Aside from two oil paintings and one drawing, the exhibition features 23 prints, including the sort of works for which Toulouse-Lautrec is best known: large color lithographic posters advertising star performers at entertainment venues and small collectors' prints relating to celebrities of the era. Toulouse-Lautrec transformed the lithographic poster to a medium that blurred the line between advertising and high art with his commission for the Moulin Rouge poster, featuring star performer La Goulue (Louise Weber).
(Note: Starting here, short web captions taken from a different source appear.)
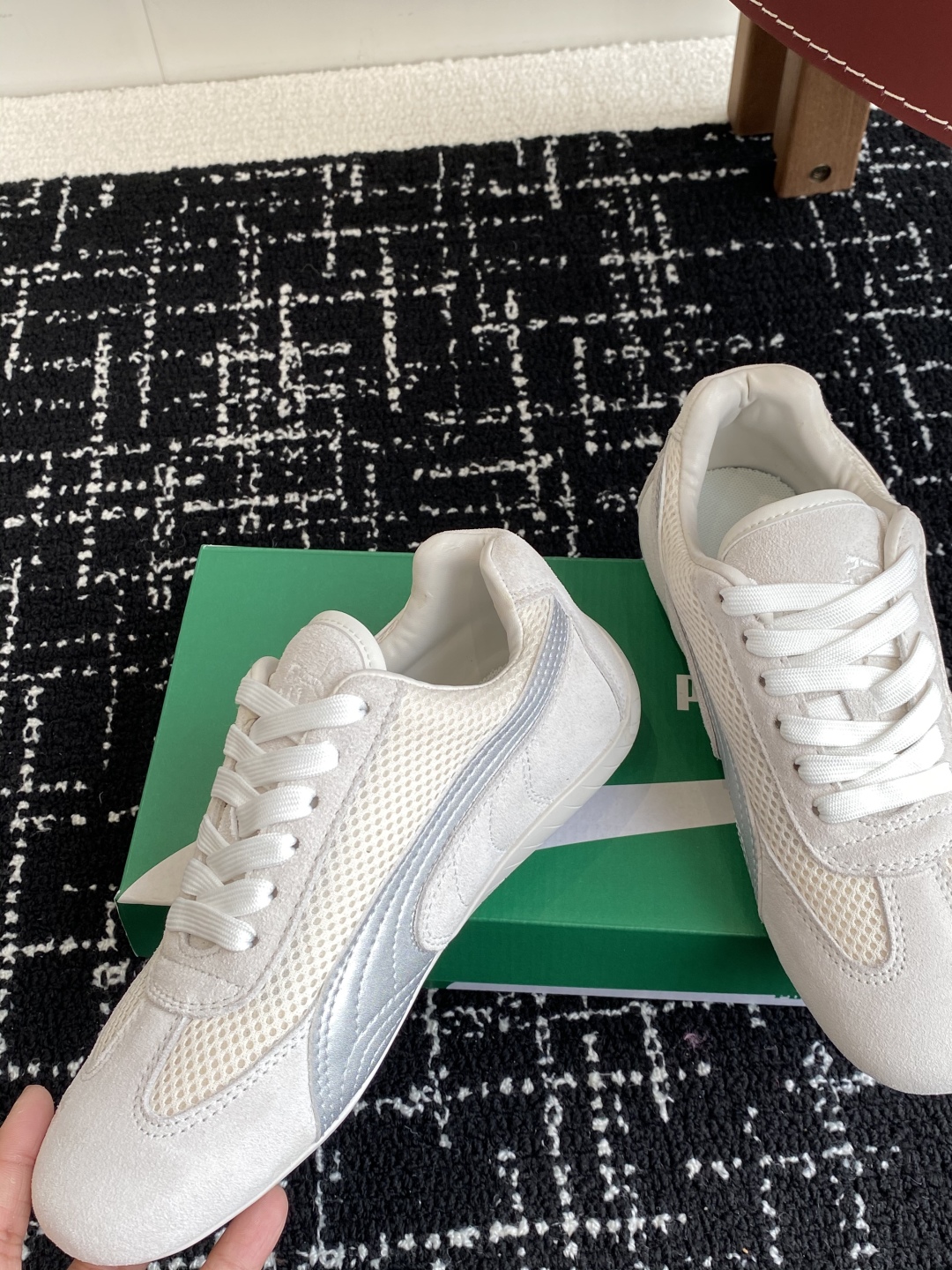代购级
Puma 25ss时尚与运动的完美融合

Fenty 与彪马的联名无疑是一次时尚与运动的激情碰撞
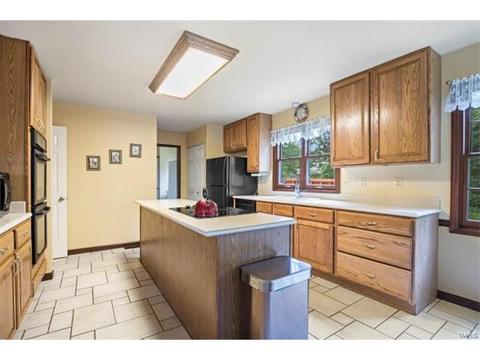 609 Shadowridge Dr, Wildwood, MO 63011 photo 10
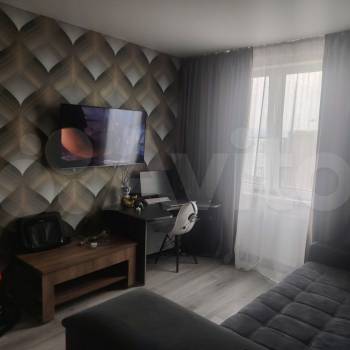 Продается 1-комнатная квартира, 38 м²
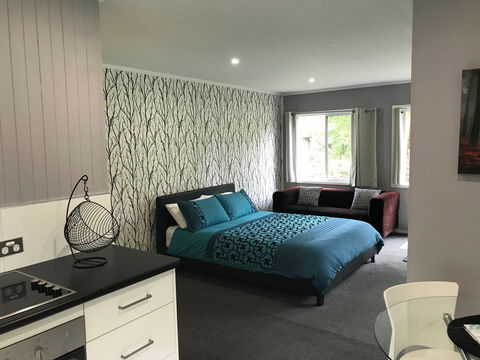 Ravenscroft Cottage - Tourism Noosa 0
Through Moulin Rouge—La Goulue, a poster that made him famous in Paris, he established the main recurring features in his posters: fashionable dress, sexual references, innuendos, simple design, and compositions that directly engage the viewer’s position.
 
In numerous works, Toulouse-Lautrec includes depictions of his upper-class circle of male friends to reflect the reality of “slumming” in the entertainment establishments. “In the poster Divan Japonais he shows the literary, music, and art critic Édouard Dujardin accosting the dancer Jane Avril, who appears to ignore him,” said Dixon. In this print, as in others, Toulouse-Lautrec subtly alludes to the prevalence of lesbians, particularly among dancers and performers, and the growing independence and self-actualization among women in Parisian society.
 
Whether designed to catch the eye and sell the show, or for the private viewer’s enjoyment, Toulouse-Lautrec’s works immortalized dancers in characteristic poses, telling gestures, and signature accessories. With sensitivity to these poses and gestures, he made their sexuality an integral part of their humanity. Focusing on performers who were on the margins of proper society, Toulouse-Lautrec revealed the independence of choice and alternative lifestyles enjoyed by these women, outside the constraints of the bourgeoisie.
 
The Dancer includes loans from the collections of many distinguished institutions,
including the Fine Arts Museums of San Francisco, the Kimbell Art Museum, The Metropolitan Museum of Art, the Musée d’Orsay, the National Gallery of Art, Washington, and the Philadelphia Museum of Art, as well as from private collections in the United States, France, Spain, and the United Kingdom.
 
The Dancer: Degas, Forain, and Toulouse-Lautrec has been organized by the Portland Art Museum and curated by Annette Dixon, Ph.D., Curator of Prints and Drawings, with the assistance of Marnie P. Stark, Assistant Curator of Prints and Drawings, and Ingrid Berger, Curatorial Assistant.
 
Catalogue
The Dancer is accompanied by a 256-page full-color catalogue illustrating the works in the exhibition.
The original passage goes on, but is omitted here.